Periodista y autor literario (ensayos). Varios premios periodísticos.

Director y presentador del programa radiofónico “La Mañana”, de la cadena COPE y columnista del diario El Mundo. Copropietario, editor y colaborador del diario digital Libertad Digital.

Así escribía en su columna diaria acerca del famoso 1 a 5 en el Bernabéu:

Yo, además, estaba en el lugar del siniestro la noche de autos. Y como es probable que, por muchos años que viva, no tenga otra oportunidad de comentar cómo mi equipo, el Zaragoza, le metió cinco goles al Real Madrid en el Bernabéu, permítanme que me abone a la tregua futbolera. En cuanto testigo y parte debo, además, precisar algunos extremos que se han dicho sobre el partido, que se están publicando en los medios de comunicación y que no responden en absoluto a la realidad. Precisemos, pues.

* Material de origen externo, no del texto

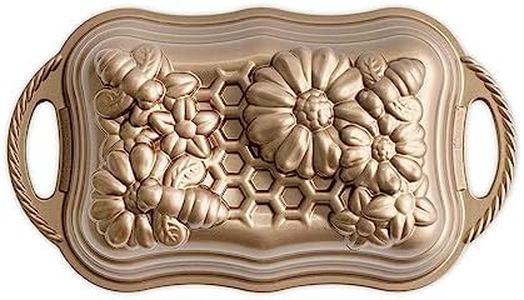 Nordic Ware Honeycomb Loaf Pan, Original Cast Aluminium Bundt Tin, Bundt Cake Tin with Bee Pattern, Cake Mould Made in The USA, Colour: Gold, 6 Cup Capacity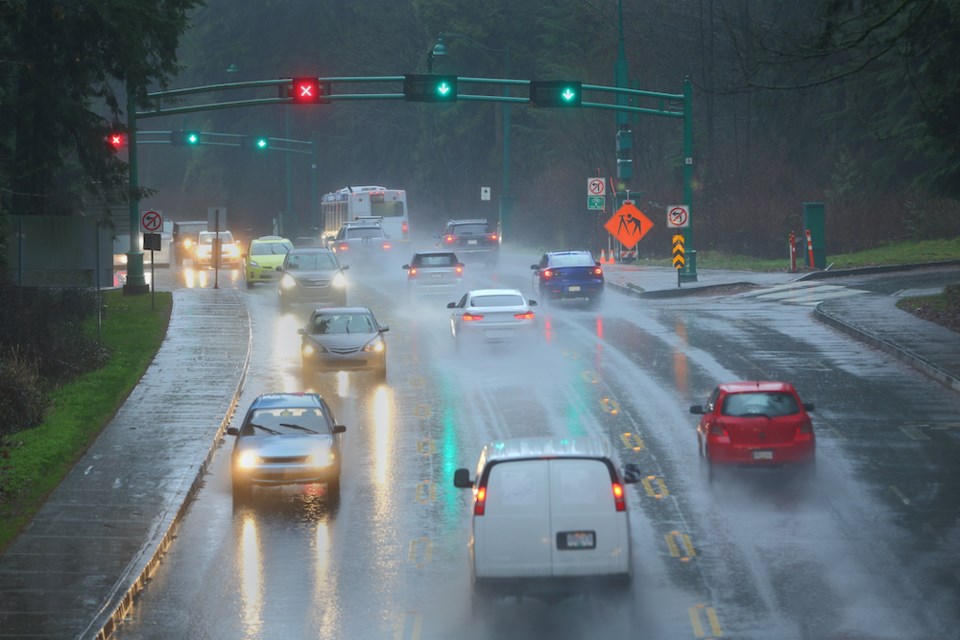 Environment Canada issues rainfall warning for Metro ...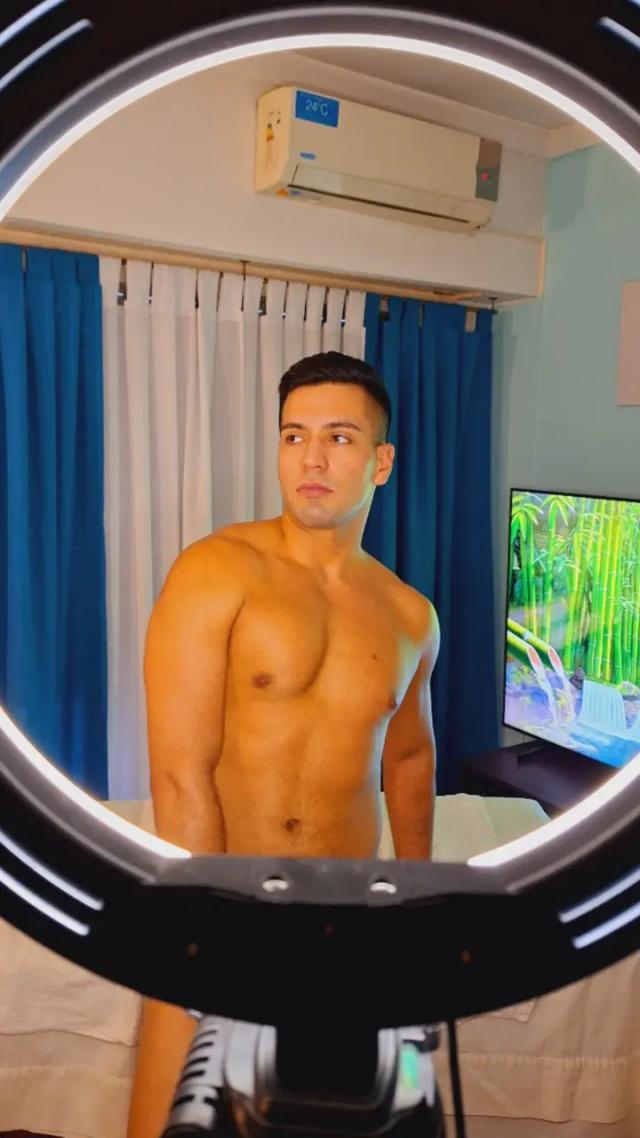 BenXXX 🍑🔥💦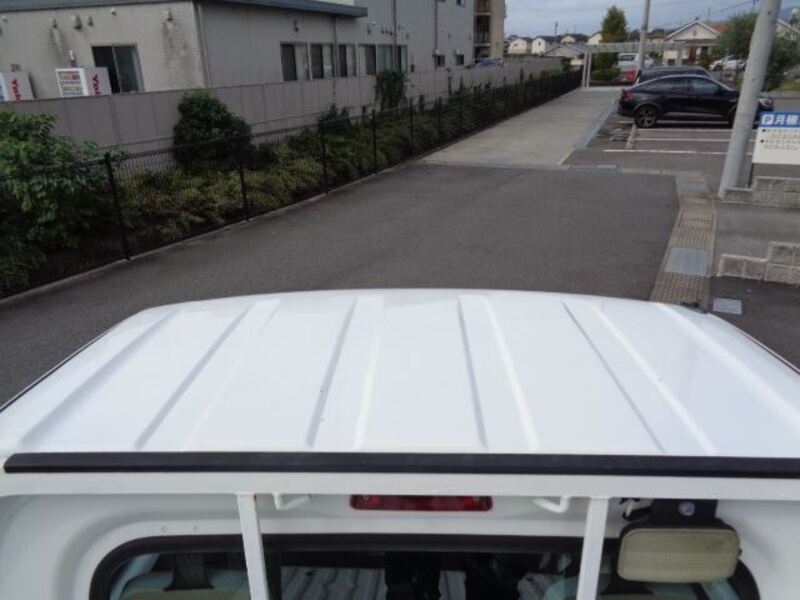 CLIPPER TRUCK
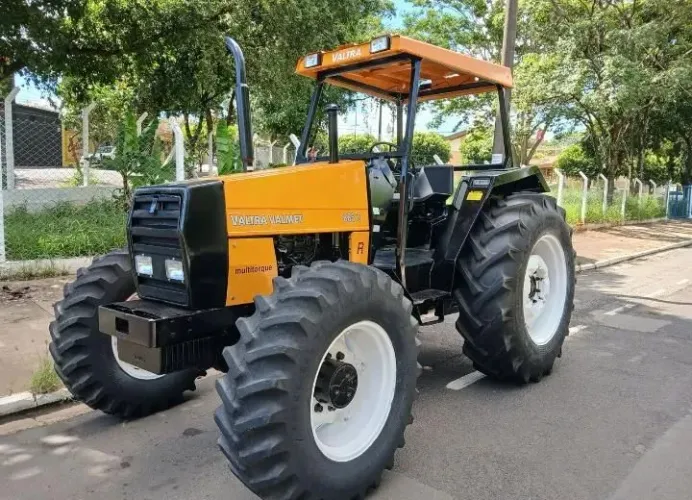 Valmet 885 traçado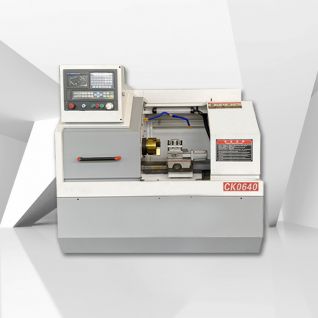 مخرطة CNC ذات السرير المسطح آلة ALCK0640 CNC مخرطة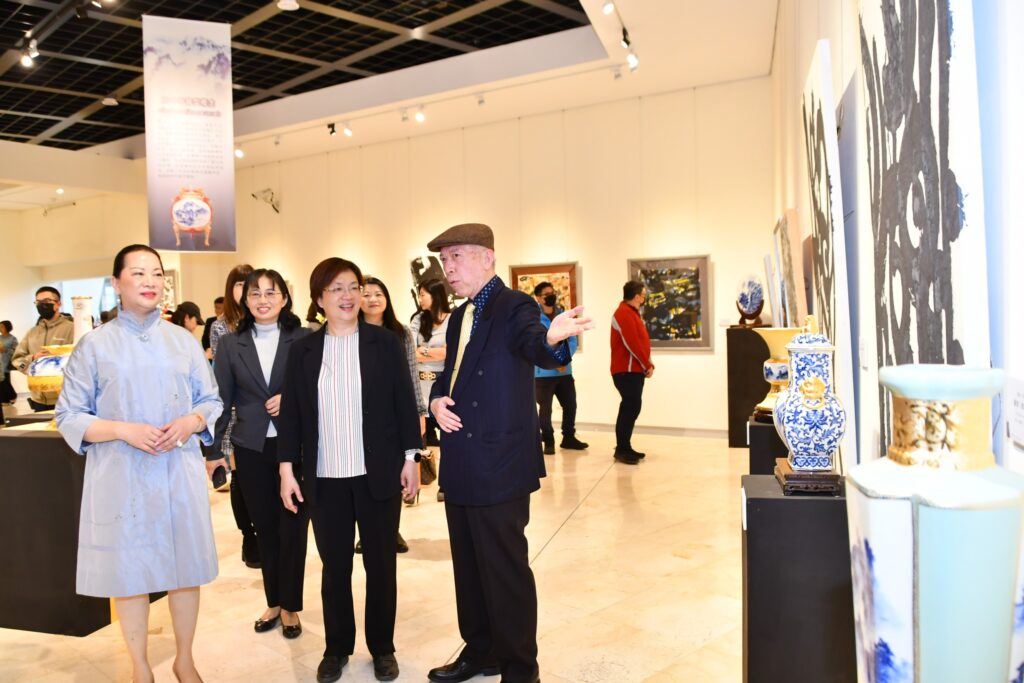 ▲梁永斐（右）為出席開幕式貴賓導覽他的展出作品，左為參展藝術家卓麗秋老師。（圖/彰化縣文化局 提供）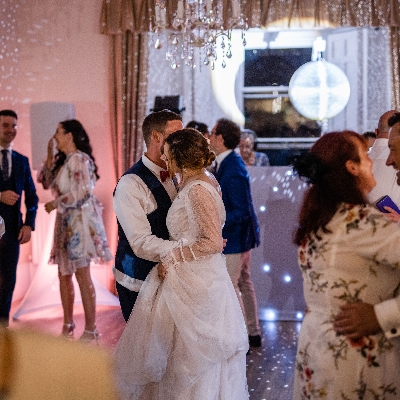 SGDJ and SG Discos is giving couples a five per cent discount off its services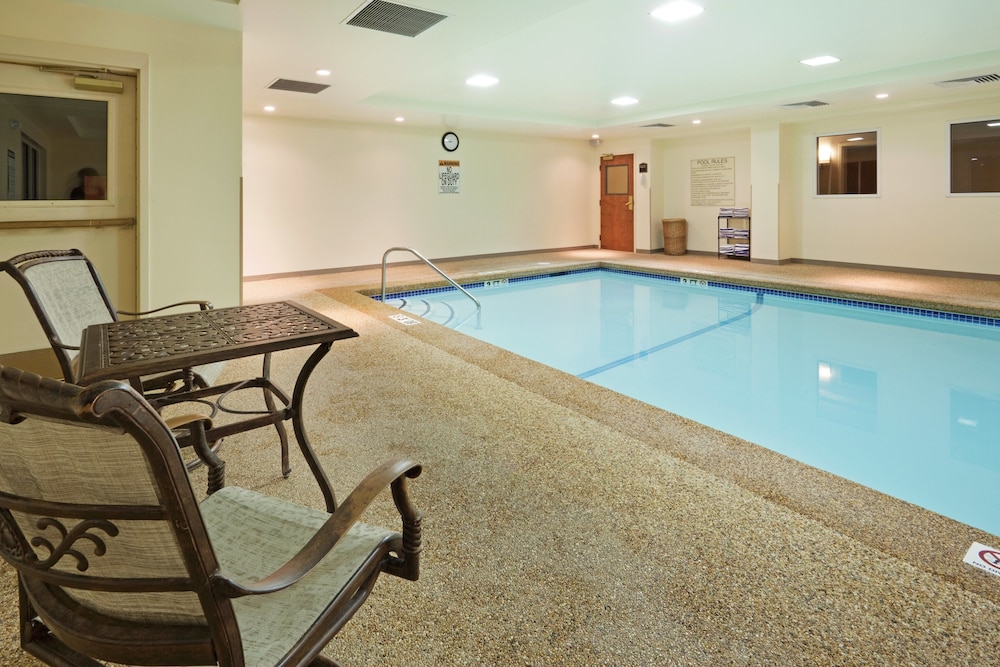Holiday Inn Express Hotel Suites Freeport 20/43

Para empezar, no es cierto que el Zaragoza hiciera un gran partido. Ya me gustaría a mí poder decirlo, pero no. Sólo en defensa estuvimos superlativos. El regalo de Juanmi a Raúl y a los madridistas en general, debe entenderse como un obsequio navideño de los zaragocistas al gran delantero de la selección nacional en estos momentos de tribulación. Pero en nuestro centro del campo sólo funcionaban las asistencias defensivas. Creación, poca. El balón iba de atrás a Juanele, que es por sí solo una línea, menuda pero completísima. Y de la línea, al bingo: Milosevic. Pero Seedorf no juega, que yo viera el sábado, en ningún equipo. Guti es un buen pasador hacia atrás. A Savio lo sujetamos y a Morientes y Raúl sólo se les veía al sacar de centro.

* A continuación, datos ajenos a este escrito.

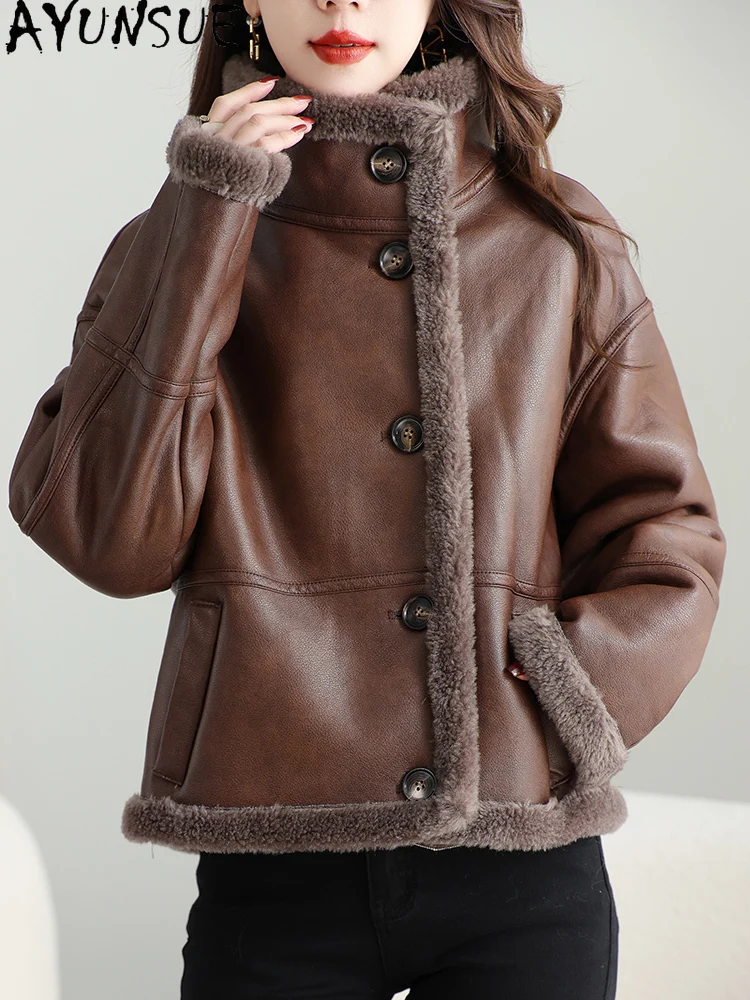 معطف صوف 100% من AYUNSUE للنساء 2025 سترة للدراجات النارية وراكبي الدراجات النارية ملابس شتوية من الفرو النسائي المتكامل معاطف جديدة في المعاطف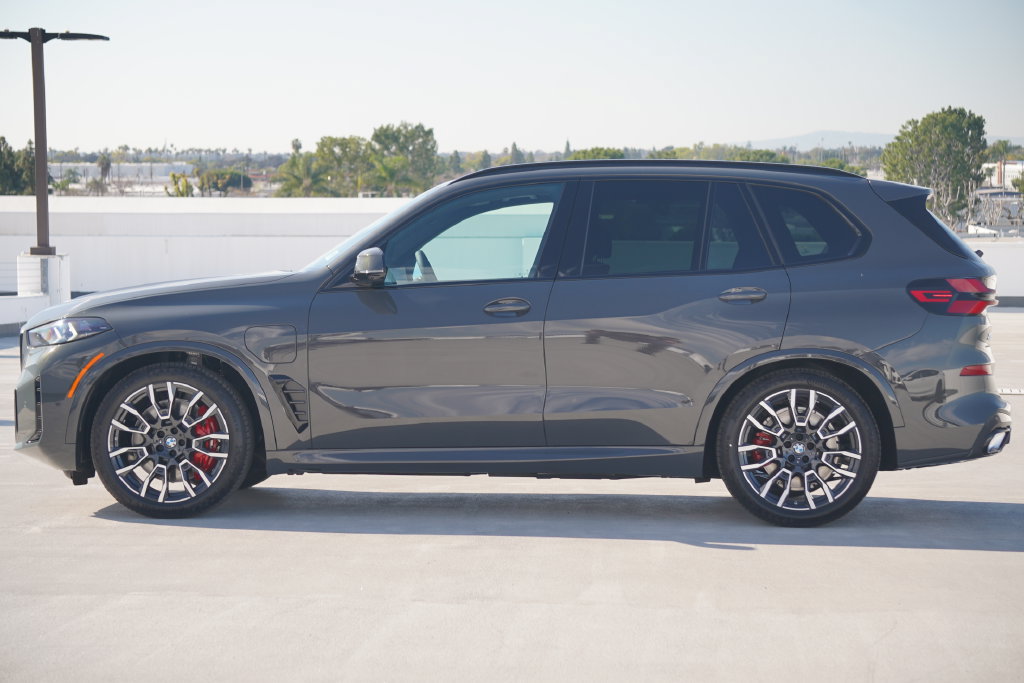Used 2026 BMW X5 xDrive50e w/ M Sport Package AWD/4WD image 4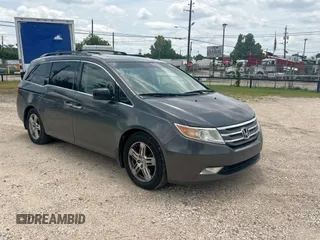 2013 Honda Odyssey Touring с VIN 5FNRL5H94DB027157, выставлен на аукционе Copart как лот 59420025 с пробегом 212 867 миль миль и Чистый • Clean title. История ставок и продаж доступна на DreamBid. Изображение 1.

La verdad ante todo: el Zaragoza no fue para tanto. Teniendo ese equipo enfrente, quiero decir delante, cualquiera puede meter cinco. En rigor, que no cayeran ocho debería ser motivo para que ningún abejorro cobrara la prima. No se puede perdonar tanto. Luego, el presidente del Madrid ni lo agradece. Total, porque va perdiendo tres a cero, coge el tío y se va del palco. Si nos fuéramos todos cuando nos meten tres, adiós fútbol. ¿Se fue el inolvidable señor Solans cuando nos goleó el Madrid en La Romareda? Desde luego que no. A los zaragocistas nos hubiera parecido fatal. Lo importante en el deporte, como en la política y en la vida, es saber perder sin echarse al monte.